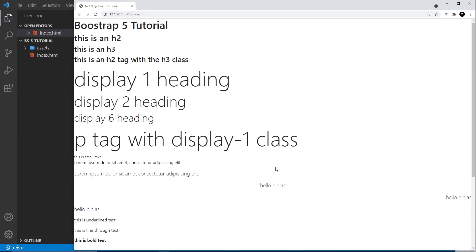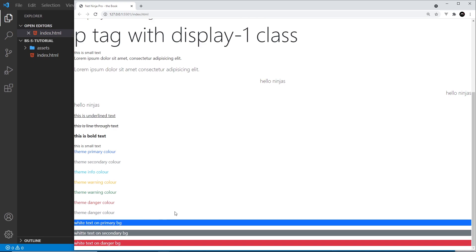That covers the basics of text font styles and colors in Bootstrap. Next up, we're going to take a look at buttons.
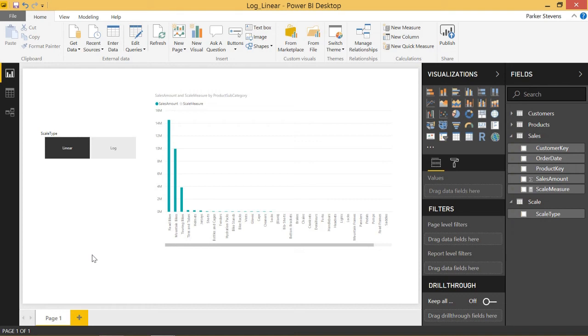Welcome back to another Power BI 3-minute tip. If you like these quick Power BI tutorials, make sure you hit the subscribe button and the bell. In today's video, I'm going to show you how you can dynamically switch between a linear and log scale in your visualizations.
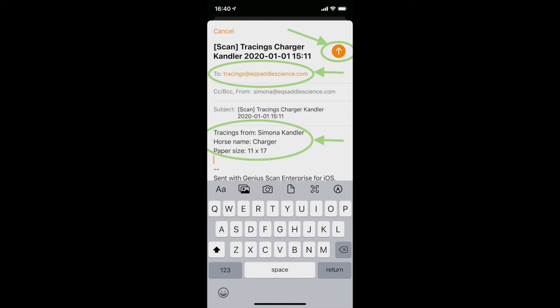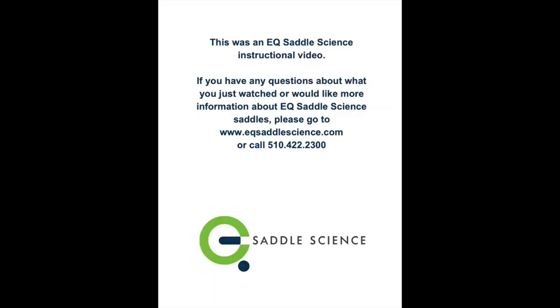Press the send key, and your templates are on the way to us. As soon as they hit our inbox, one of our Saddle Science experts will be in touch with you to go over the specific saddle that we're sending for your trial.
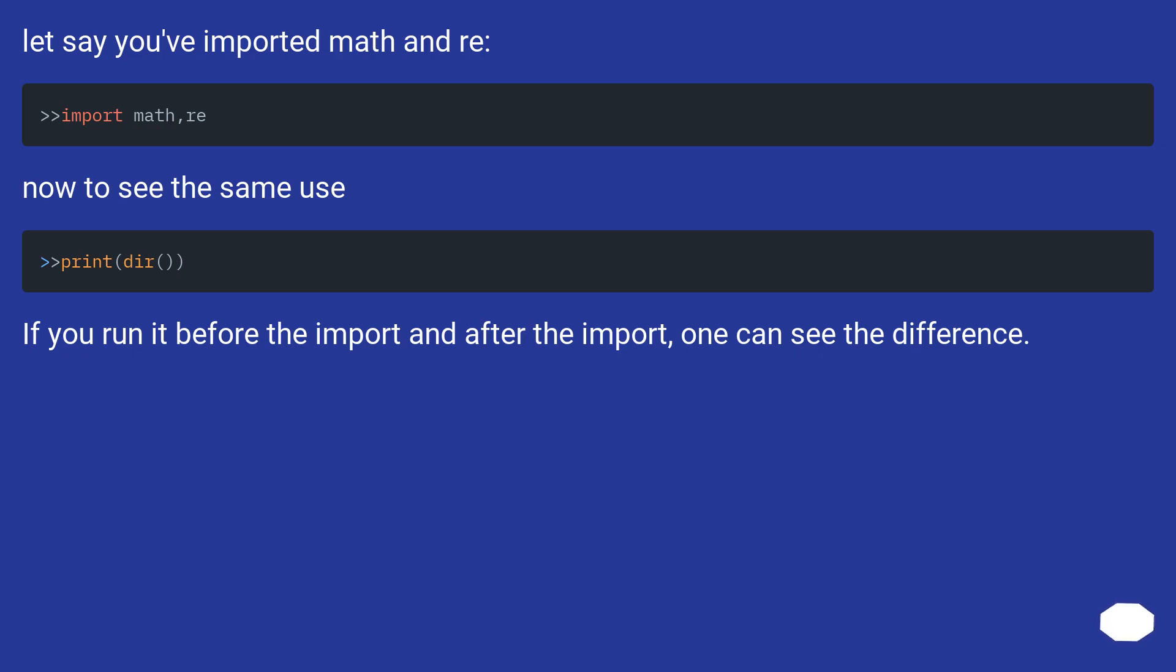Now to see the same use, if you run it before the import and after the import, one can see the difference.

▸ **YOUR INSTRUCTIONS**
Give back the whole listing exactly as it stands. Drop every picture.

▸ **TASK SOLUTION**
That covers the basics of text font styles and colors in Bootstrap. Next up, we're going to take a look at buttons.
Welcome back to another Power BI 3-minute tip. If you like these quick Power BI tutorials, make sure you hit the subscribe button and the bell. In today's video, I'm going to show you how you can dynamically switch between a linear and log scale in your visualizations.
Press the send key, and your templates are on the way to us. As soon as they hit our inbox, one of our Saddle Science experts will be in touch with you to go over the specific saddle that we're sending for your trial.
Now to see the same use, if you run it before the import and after the import, one can see the difference.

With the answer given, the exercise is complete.